Article by: Annagiulia Zoccarato

Translation by: Emiliana Freiria


The contemporary history of Native Americans is sad and scarcely talked about, but the Torino Film Festival seems to hold those who tell it in high regard. After Avant les rues, competing in Torino 34, and the excellent Wind River by Taylor Sheridan, previewed last year, the next one is Land by the Iranian film director Babak Jalali, made with the support of Torino Film Lab.

Jalali tells that the origin of Land dates back to seven years ago when he read an article by The Guardian about the difficult Natives Americans’ living conditions in the reserves where they are secluded. Although the United States is one of the wealthiest Country in the world, the living standards of the surviving native tribes are very unstable and hard. Struck by alcohol abuse, diabetes and high unemployment level, the American Indians grind forward to try to achieve an upstanding life in those tiny plots of land where they live.

After many years of funds research and months spent in the reserves, in order to read up and to persuade that community – which feels forgotten – about the honesty of his work, Jalali could shoot a film that is part of the narrative current attributable to the so-called “new American frontier”. He deprives his work of mythic or romantic elements and shows a realistic and rough image of life in the reserve.

At the Indian reserve of Prairie Wolf borders, the isolated and dusty Liquors Store ran by Sally stands out.
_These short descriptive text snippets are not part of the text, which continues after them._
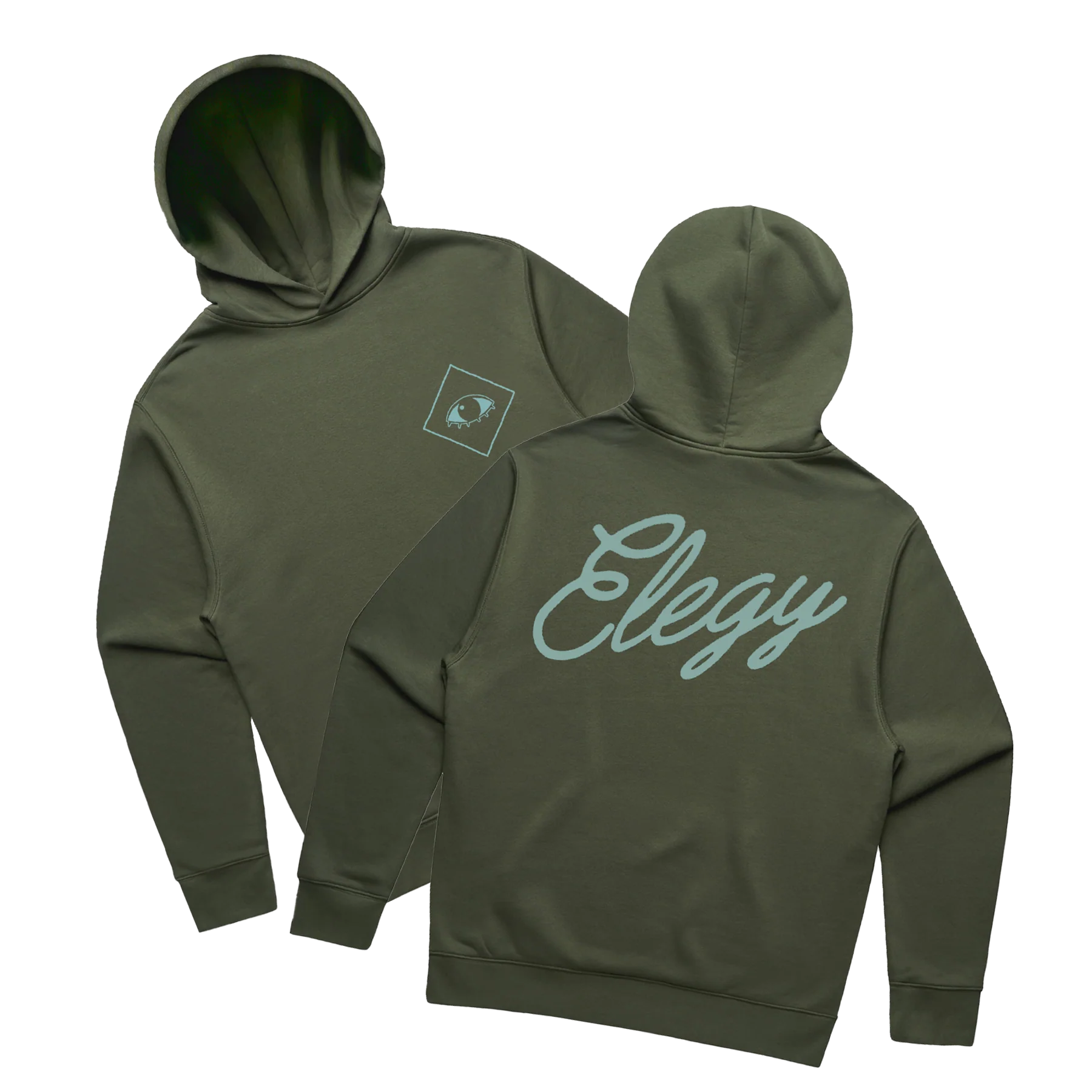 Elegy Script Hoodie (Cypress)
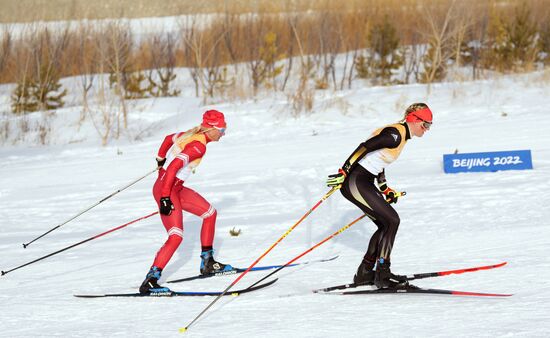 China Olympics 2022 Cross-Country Skiing Women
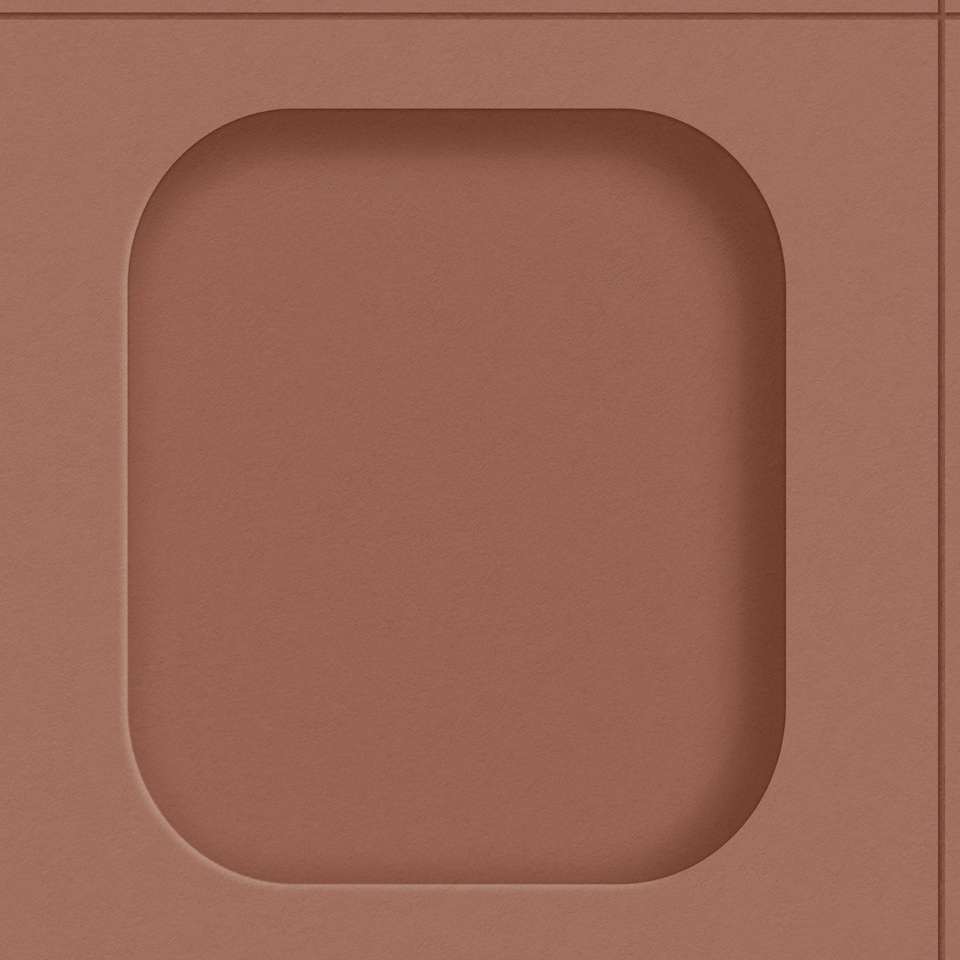 image 1 of Fine Decor FD43977 Sloane Panel Wallpaper, Clay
It is forbidden to introduce alcoholic beverages in the reserve area; in fact, there are some Native Americans, both men and women, surrounding the distressing shop, who passed the day spending the little money they have and then hoping that someone could buy them a beer.

Wait is the key word of Land. The Denetclaws wait. Wes the alcoholic waits for someone who buys him another beer; Mary, the elderly mother of the Denetclaws brothers, waits for the night in order to go and take Wes after bringing him to the liquor store every morning; Ray, the head of the family, waits for the army to give him Floyd’s corpse back, his brother who died during the war. When Floyd dies, Mary’s opportunity to redeem herself disappears but the listlessness that damaged Ray, a former alcoholic, also vanishes so he decides that it is time for his brother to overcome his addiction.

The apathetic life of Natives flows among alcohol for someone and work for others and it reflects in the use of a slow mise-en-scène. Jalali prefers slow framings and intense close shots that emphasize the depressing and resigned looks of the main characters, almost all non-professional actors even if they are provided with a very strong stage presence.

Land is not a documentary, but it could be. The Denetclaws are a fiction family but they also are the truthful representation of lots of families that fight against the reality every day or most of time they end up surrendering to it, abandoned and forgotten by a Country they do not feel as their homeland.

Land is a bitter pill to swallow and it leaves the spectators sad and helpless. It is a pessimistic film whose only, weak glimmer of hope comes from Ray’s determination, from the will of redemption represented by the appropriation of a fighting cock and a car heading towards the rocky horizon of the desert.